As different as the games in the series can be, they always contain a few common elements: SPECIAL (Strength, Perception, Endurance, Charisma, Intelligence, Agility, Luck) character building system, an outsider protagonist who can change lives of different communities but never belongs to any of them and a memorable Fallout setting: a retrofuturistic (1950s style: vacuum tubes, huge computers and bulky mechanical devices) world of nuclear-powered cars, laser guns and household robots devastated by a global conflict which killed the majority of population and reduced the survivors to scavenging the ruins of old civilization while trying to rebuild the world. It’s a world where what remains of the optimistic ‘raygun gothic’ sci-fi is locked in massive underground shelters (‘Vaults’) while the outside world looks like something between the wild west and Mad Max. It’s the world which tried to pretend it’s still golden age even as it descended into a nuclear war, leaving behind both commercials full of smiling people and irradiated craters crawling with mutated beasts.
Originally, Fallout was supposed to be a sequel to Wasteland, Interplay’s older post-apocalyptic RPG. When the company wasn’t able to acquire rights to the title from Electronic Arts, they decided to look for a different license and started working on a game with similar setting based on the rules of a tabletop RPG GURPS. When the deal with GURPS publisher fell through during the game’s development (apparently, due to the game’s violent content), Vault 13: A GURPS Post-Nuclear Adventure was retooled into Fallout: A Post Nuclear RPG, SPECIAL system was created and the series as we now know it was born.
During the development of Fallout, Black Isle Studios created a set of simple rules which would then define the most important things about the experience. According to those rules, each problem encountered by the player should be possible to solve in multiple ways, each skill should be useful, the game should use dark humor but not slapstick, different playstyles should be possible and decisions should have consequences. Despite the fact that every game occasionally broke some of those rules, there’s no doubt that they were extremely important for early Fallout games: those general ideas which drove the development were the same things that fans of the series appreciate the most.
Fallout soon gained a large cult following which not only warranted a sequel but also started something which can be described as a new subgenre of RPG: after Fallout came a number of Fallout-like games which borrowed its many recognizable elements: gameplay heavy on stats and skills, freeform character building not restricted by predetermined classes, multiple solutions to almost every quest and endings which consisted of multiple independent segments coming together to show how player’s choices helped shape the game’s world. While games like that are still being made by small but dedicated indie teams (see recent UnderRail set in the tunnels of a massive metro system and Age of Decadence in which the post-apocalyptic future doesn’t look to different from ancient Rome) and even bigger budget titles adopt some of those elements (e.g. the Fallout-style multiple endings in Pillars of Eternity), to this day the most remarkable Fallout-like has to be Arcanum created by many of the same people who made Fallout.

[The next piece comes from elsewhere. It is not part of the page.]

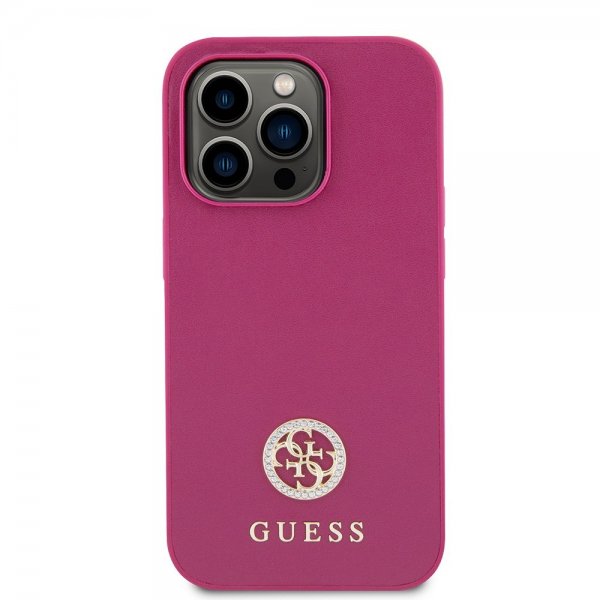Guess iPhone 15 Pro Kuori Metallilogo Strassi Metallinruusufininen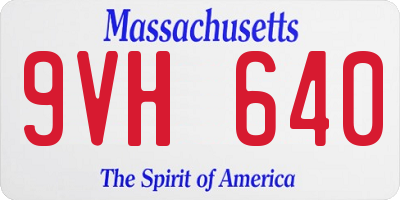MA license plate 9VH640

Unfortunately, the early XXI century and the decline in popularity of traditional cRPGs that came with it weren’t kind towards the series and after the third game was cancelled and a few unsuccessful spin-offs were released, Interplay had to sell their intellectual property. A few years later, the franchise was, depending on how you look at it, either rescued or destroyed by Bethesda with their take on the series which brought in millions of new fans but also strayed far from the rules which governed the design of the first two titles.
Nowadays, Fallout is a multi-million dollar franchise with a strong, creative fan community. It is one of the most popular RPG series, with the ‘Vault Boy’ character (a cartoon man used as a visual representation of various game mechanics and other aspects of the series) being an instantly recognizeable icon. Fallout games are among the most popular targets for modders who do everything from fixing bugs and restoring cut content to completely reshaping the games.
Links:
Official website
Fallout Wiki
A brief history of Fallout at Eurogamer
Why Fallout is the best nuclear war story ever told at Medium
Fallout begins with a short intro cutscene showing pre-apocalypse television: advertisements of Vaults, nuclear-powered cars and ‘Mr. Handy’ robots as well as a news segment in which soldiers in power armor execute a man before waving towards a camera. The whole thing is set to ‘Maybe’ by The Ink Spots. After that, camera zooms out from the TV and we’re shown ruins of a city, followed by opening credits and a slideshow of war-themed photographs. This segment also contains the famous ‘war never changes’ speech performed by actor Ron Perlman which both provides insight into the history of Fallout’s universe and highlights the game’s main themes. Such introductory videos and narrations would become an obligatory part of each game in the series (the mainline titles at least) but they’re the best here, in the first game: the hypocritical optimism of pre-apocalypse world is both funny and scary, Perlman’s monologue carries a lot of weight and in a few short minutes we’re given a lot of background on the world of Fallout without any obvious exposition dump.
Fallout does a lot of similar things in its early stages: the difficulty of your quest is established by the remains of previous explorer just outside of the Vault doors (‘You see Ed. Ed’s dead.’). As you move towards Vault 15, there’s a small town called Shady Sands between you and the goal of your quest which serves as a tutorial area showcasing many important mechanics in an easy to understand way (although the game is so complex that you’ll probably want to read the manual anyway): holstering your weapons in civilian areas, bartering, town maps, NPC recruitment (Ian), status effects (radscorpion extermination quest), time-based events (‘rescue Tandi’ quest) while the very fact that Shady Sands is there shows that you can discover unknown locations by exploring the map. From the storyline perspective, it’s not too important (with an exception of one of the town’s endings which sets up a major political power for future games) but you do learn that the communities in the game’s world are independent, that people make a living by farming and scavenging and people need to fight against both mutated beast and gangs of raiders who terrorize local towns.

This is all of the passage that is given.